• WHAT NEEDS TO BE DONE:
Leaving the pictures aside, repeat the entries exactly.
[Start of Attachment]
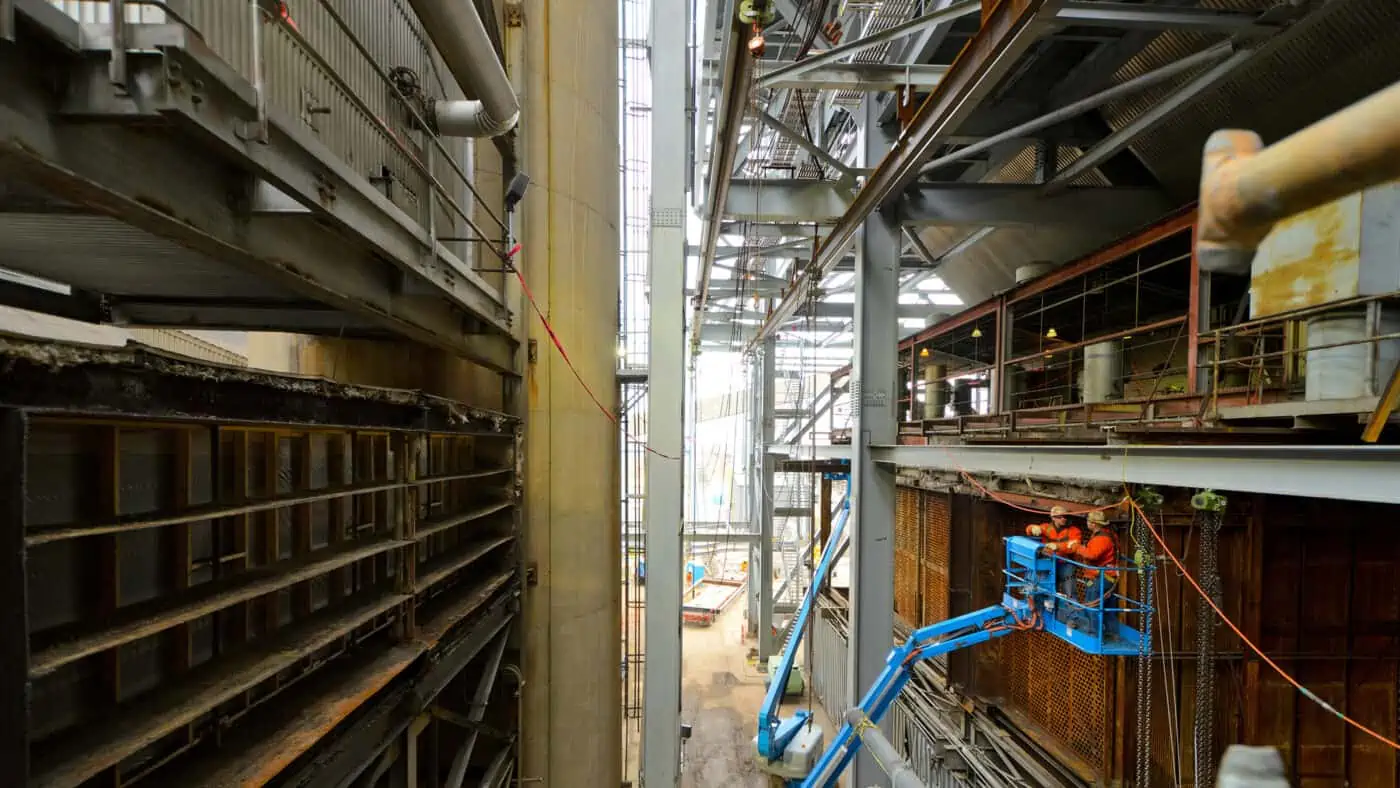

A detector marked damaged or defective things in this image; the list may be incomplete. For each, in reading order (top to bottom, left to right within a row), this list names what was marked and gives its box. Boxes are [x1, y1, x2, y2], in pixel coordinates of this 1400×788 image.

rusty industrial panel [896, 486, 928, 628]
rusty industrial panel [920, 490, 952, 624]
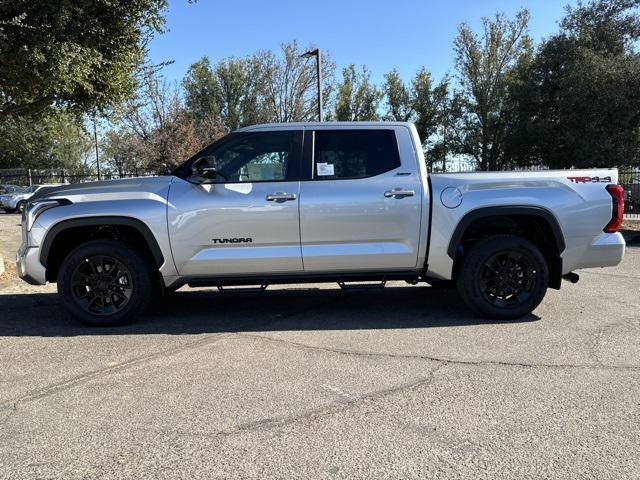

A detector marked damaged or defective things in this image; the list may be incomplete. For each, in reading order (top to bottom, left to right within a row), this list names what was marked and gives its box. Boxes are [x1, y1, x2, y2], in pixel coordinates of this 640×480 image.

crack in asphalt [239, 332, 640, 374]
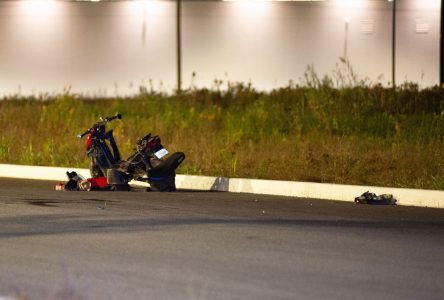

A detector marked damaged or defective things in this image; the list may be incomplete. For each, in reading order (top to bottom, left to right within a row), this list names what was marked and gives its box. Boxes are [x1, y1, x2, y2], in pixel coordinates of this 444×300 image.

wrecked motorcycle [73, 113, 184, 191]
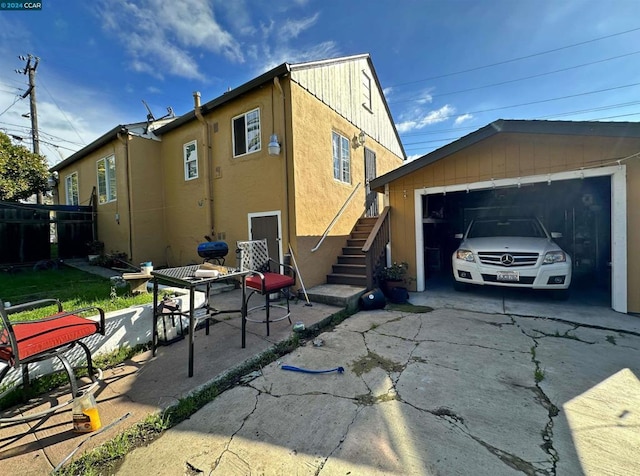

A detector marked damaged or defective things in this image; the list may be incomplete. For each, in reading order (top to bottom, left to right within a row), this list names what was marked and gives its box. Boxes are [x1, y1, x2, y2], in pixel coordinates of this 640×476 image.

cracked concrete [116, 304, 640, 474]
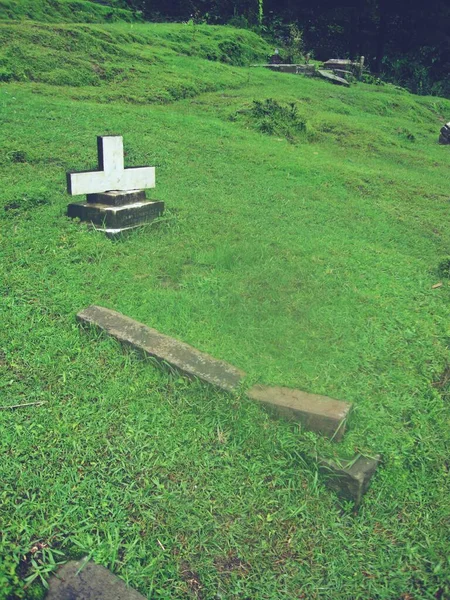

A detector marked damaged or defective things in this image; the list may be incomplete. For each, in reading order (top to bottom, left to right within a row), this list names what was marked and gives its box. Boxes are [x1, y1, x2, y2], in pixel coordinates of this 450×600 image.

broken concrete slab [318, 69, 350, 86]
broken concrete slab [77, 304, 246, 394]
broken concrete slab [248, 384, 350, 440]
broken concrete slab [318, 454, 382, 506]
broken concrete slab [46, 560, 145, 596]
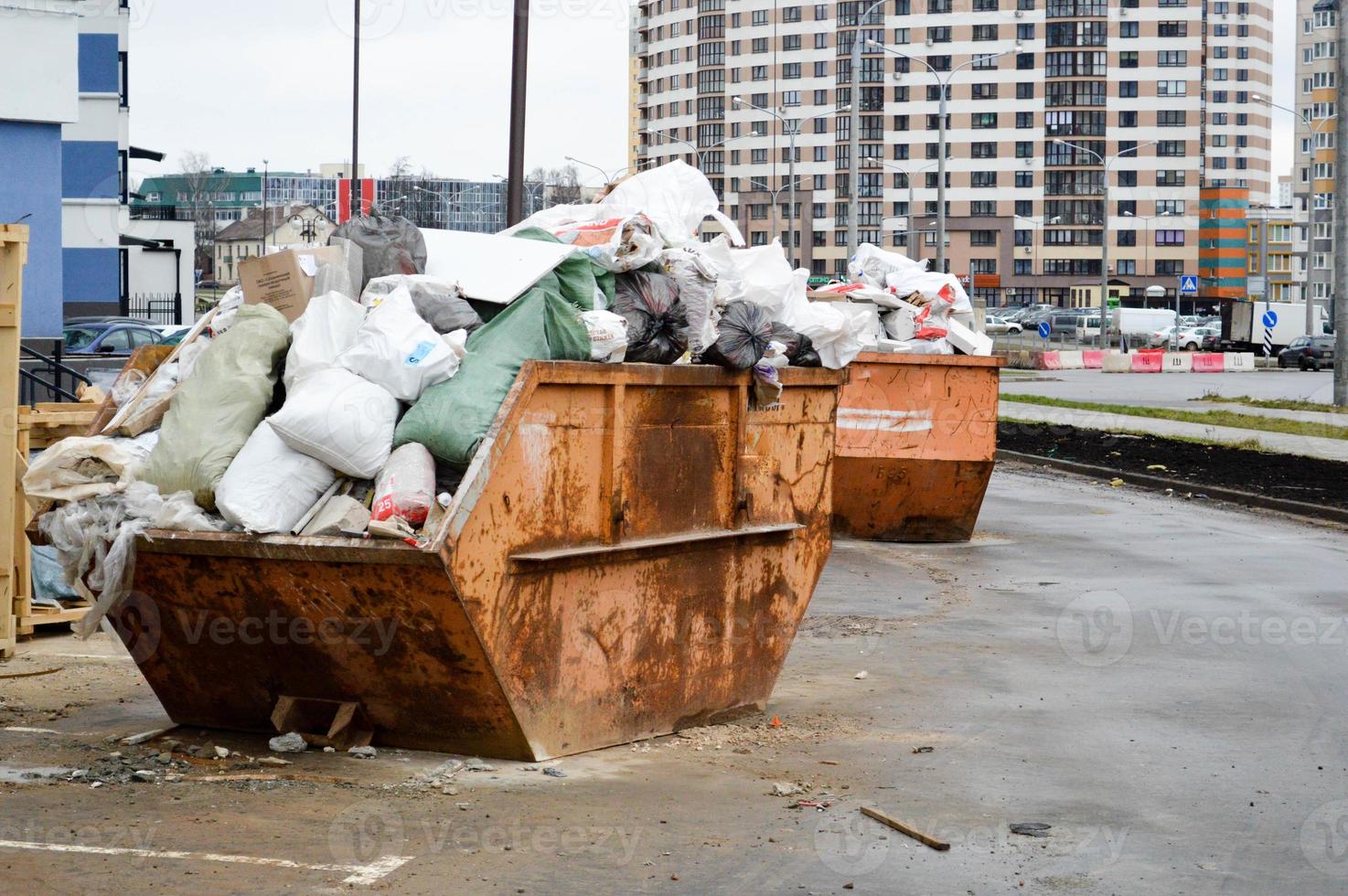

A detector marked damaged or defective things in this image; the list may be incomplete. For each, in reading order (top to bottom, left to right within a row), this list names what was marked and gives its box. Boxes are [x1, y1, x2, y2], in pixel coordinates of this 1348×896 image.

rusty orange dumpster [102, 360, 840, 760]
second rusty skip container [107, 360, 840, 760]
rusty orange dumpster [829, 353, 1002, 541]
second rusty skip container [825, 353, 1008, 541]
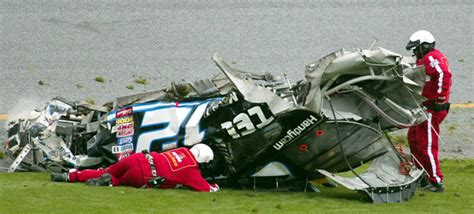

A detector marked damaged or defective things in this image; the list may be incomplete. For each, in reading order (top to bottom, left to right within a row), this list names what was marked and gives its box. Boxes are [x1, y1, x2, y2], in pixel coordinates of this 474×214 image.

wrecked race car [3, 46, 428, 202]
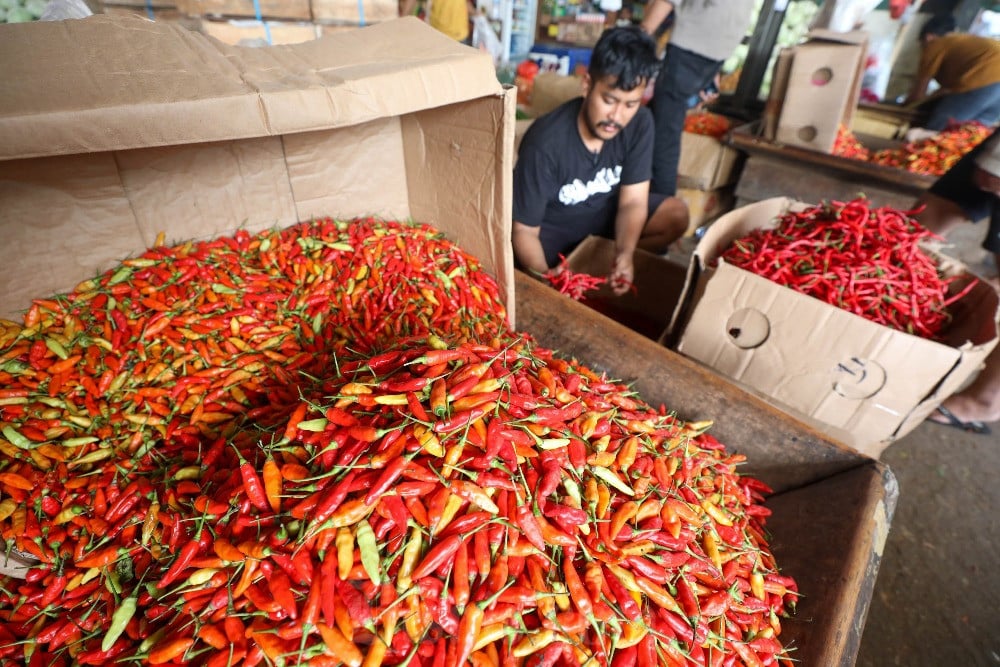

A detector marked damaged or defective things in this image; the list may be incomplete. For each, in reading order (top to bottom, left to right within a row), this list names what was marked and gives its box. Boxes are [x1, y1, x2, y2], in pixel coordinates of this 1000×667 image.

torn cardboard edge [664, 198, 1000, 460]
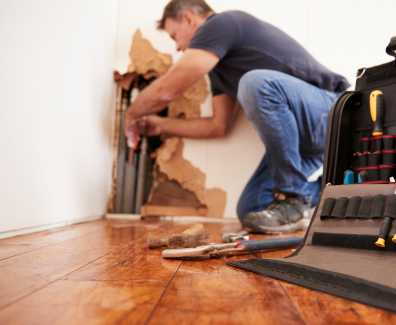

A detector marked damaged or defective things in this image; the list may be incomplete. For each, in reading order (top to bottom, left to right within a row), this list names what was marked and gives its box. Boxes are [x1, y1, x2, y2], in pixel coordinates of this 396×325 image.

damaged drywall [124, 29, 226, 218]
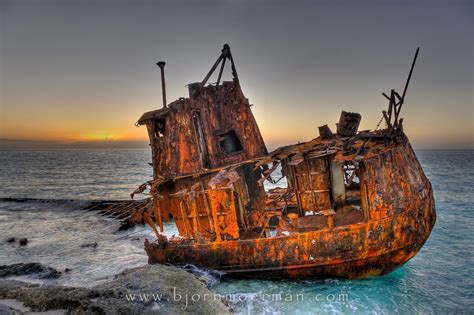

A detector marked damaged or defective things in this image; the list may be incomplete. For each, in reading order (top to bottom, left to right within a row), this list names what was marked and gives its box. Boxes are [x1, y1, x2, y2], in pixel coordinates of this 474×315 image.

rusty shipwreck [134, 44, 436, 278]
corroded metal hull [145, 188, 436, 278]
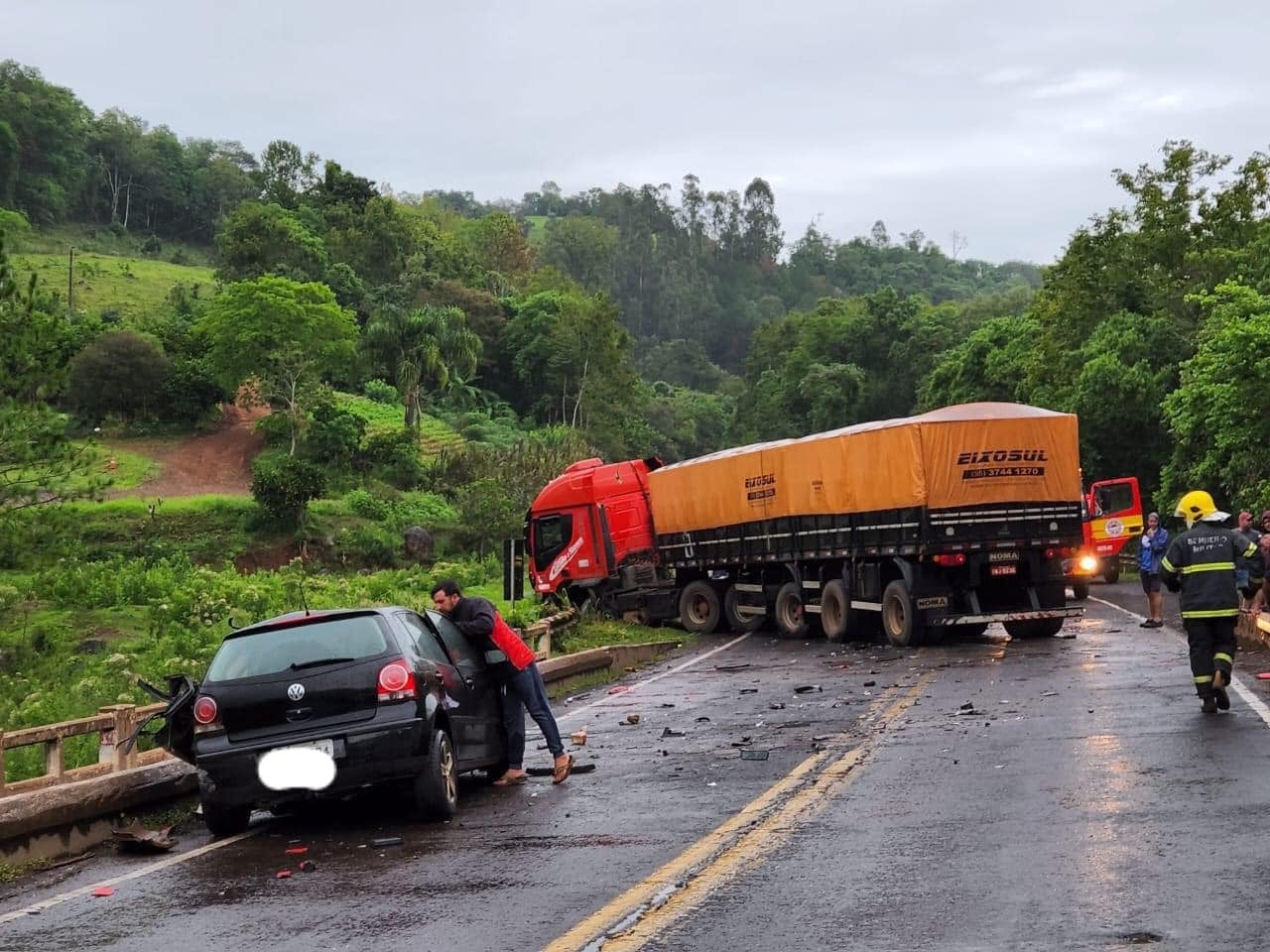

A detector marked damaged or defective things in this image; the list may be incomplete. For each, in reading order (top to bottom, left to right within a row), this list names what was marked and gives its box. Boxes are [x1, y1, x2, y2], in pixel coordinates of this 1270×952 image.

damaged car rear [130, 611, 505, 832]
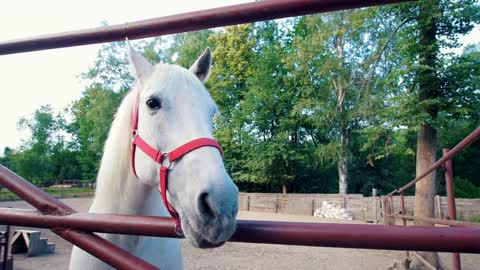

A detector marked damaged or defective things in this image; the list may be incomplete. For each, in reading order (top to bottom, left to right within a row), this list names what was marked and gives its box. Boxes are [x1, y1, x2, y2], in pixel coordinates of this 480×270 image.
[End of Attachment]
• RESPONSE BELOW:
A detector marked damaged or defective things in this image; the list may be incomplete. For each, in reading order (top to bottom, left to right within a row), this list names what was marked and gives its box. Boxes are [x1, y1, x2, y2], in pixel coordinates of this 1400×788 image.

rusty industrial panel [896, 486, 928, 628]
rusty industrial panel [920, 490, 952, 624]

A detector marked damaged or defective things in this image; the list may be incomplete. For each, in reading order (top to bottom, left to right within a row), this list names what was marked and gives its box. Boxes are [x1, y1, x2, y2], in pixel coordinates of this 640×480 image.

crack in asphalt [239, 332, 640, 374]

A detector marked damaged or defective things in this image; the list may be incomplete. For each, in reading order (top to bottom, left to right within a row), this list names what was marked and gives its box. Boxes are [x1, y1, x2, y2], in pixel coordinates of this 444×300 image.

wrecked motorcycle [73, 113, 184, 191]

A detector marked damaged or defective things in this image; the list may be incomplete. For each, in reading order (top to bottom, left to right within a row), this list names what was marked and gives its box. Boxes are [x1, y1, x2, y2], in pixel coordinates of this 640×476 image.

cracked concrete [116, 304, 640, 474]

A detector marked damaged or defective things in this image; the list may be incomplete. For each, in reading order (top to bottom, left to right within a row), this list names what was marked and gives its box. Boxes are [x1, y1, x2, y2], in pixel coordinates of this 450×600 image.

broken concrete slab [318, 69, 350, 86]
broken concrete slab [77, 304, 246, 394]
broken concrete slab [248, 384, 350, 440]
broken concrete slab [318, 454, 382, 506]
broken concrete slab [46, 560, 145, 596]

A detector marked damaged or defective things in this image; the list may be incomplete. For each, in reading order (top to bottom, left to right within a row), this list names what was marked and gives its box. Boxes are [x1, y1, x2, y2], in pixel coordinates of this 1348×896 image.

rusty orange dumpster [102, 360, 840, 760]
second rusty skip container [107, 360, 840, 760]
rusty orange dumpster [829, 353, 1002, 541]
second rusty skip container [825, 353, 1008, 541]

A detector marked damaged or defective things in this image; the list may be incomplete. For each, in reading order (top to bottom, left to right within a row), this list names what was marked and gives its box. Boxes are [x1, y1, x2, y2], in pixel coordinates of this 474×214 image.

wrecked race car [3, 46, 428, 202]

A detector marked damaged or defective things in this image; the list may be incomplete. For each, in reading order (top to bottom, left to right within a row), this list names what was marked and gives its box. Boxes are [x1, y1, x2, y2], in pixel coordinates of this 1000×667 image.

torn cardboard edge [664, 198, 1000, 460]

A detector marked damaged or defective things in this image; the list may be incomplete. For each, in reading order (top to bottom, left to right within a row), this list names what was marked and gives its box. Boxes are [x1, y1, x2, y2], in pixel coordinates of this 396×325 image.

damaged drywall [124, 29, 226, 218]

A detector marked damaged or defective things in this image; the list may be incomplete. For each, in reading order (top to bottom, left to right within a row), this list names what was marked and gives its box. Boxes are [x1, y1, x2, y2], in pixel coordinates of this 474×315 image.

rusty shipwreck [134, 44, 436, 278]
corroded metal hull [145, 188, 436, 278]

A detector marked damaged or defective things in this image; the list may be incomplete. For each, in reading order (top to bottom, left to right within a row), this list names what was marked and gives its box. Boxes are [x1, y1, x2, y2], in pixel coordinates of this 1270×952 image.

damaged car rear [130, 611, 505, 832]

A detector marked damaged or defective things in this image; the list may be incomplete. For each, in reading order (top to bottom, left to right within a row), this list names what was marked and gives its box. Boxes are [x1, y1, x2, y2], in pixel coordinates of this 480×270 image.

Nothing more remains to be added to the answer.